The materials for each feeder cost $6, and they sell an average of 20 per week at a price of $10 each. They conduct a survey and find that for every dollar increase they lose 2 sales per week. Find a function that models weekly profit in terms of price per feeder
To find a function that models the weekly profit in terms of price per feeder, we need to break down the different components involved.
Let's denote the price per feeder as "x."
First, let's calculate the number of feeders sold based on the price per feeder. We know that for every dollar increase, two sales are lost. This means that for every dollar decrease, two sales are gained.
If we initially sell 20 feeders at $10 each, we can express the number of feeders sold as a function of the price per feeder:
Number of feeders sold = 20 - 2 * (x - 10)
Next, we need to calculate the total revenue generated from the sales.

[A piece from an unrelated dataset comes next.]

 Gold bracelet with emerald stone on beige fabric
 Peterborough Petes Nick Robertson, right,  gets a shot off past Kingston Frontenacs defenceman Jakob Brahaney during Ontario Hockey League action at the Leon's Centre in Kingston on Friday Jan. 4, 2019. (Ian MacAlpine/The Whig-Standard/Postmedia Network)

The revenue is calculated by multiplying the number of feeders sold by the price per feeder:
Revenue = (20 - 2 * (x - 10)) * x
The cost of materials for each feeder is given as $6. Therefore, the total cost of materials for the feeders sold would be:
Cost of materials = 6 * (20 - 2 * (x - 10))
Finally, to obtain the weekly profit, we subtract the total cost of materials from the total revenue:
Profit = (20 - 2 * (x - 10)) * x - 6 * (20 - 2 * (x - 10))
The function that models the weekly profit in terms of the price per feeder is:
Profit(x) = (20 - 2 * (x - 10)) * x - 6 * (20 - 2 * (x - 10))
Simplifying further, we get:
Profit(x) = (20 - 2x + 20) * x - (6 * 20 - 12 * (x - 10))
Profit(x) = 40x - 2x^2 - 120 + 12x - 120 + 12x
Profit(x) = -2x^2 + 64x - 240
So, the function that models the weekly profit in terms of the price per feeder is Profit(x) = -2x^2 + 64x - 240.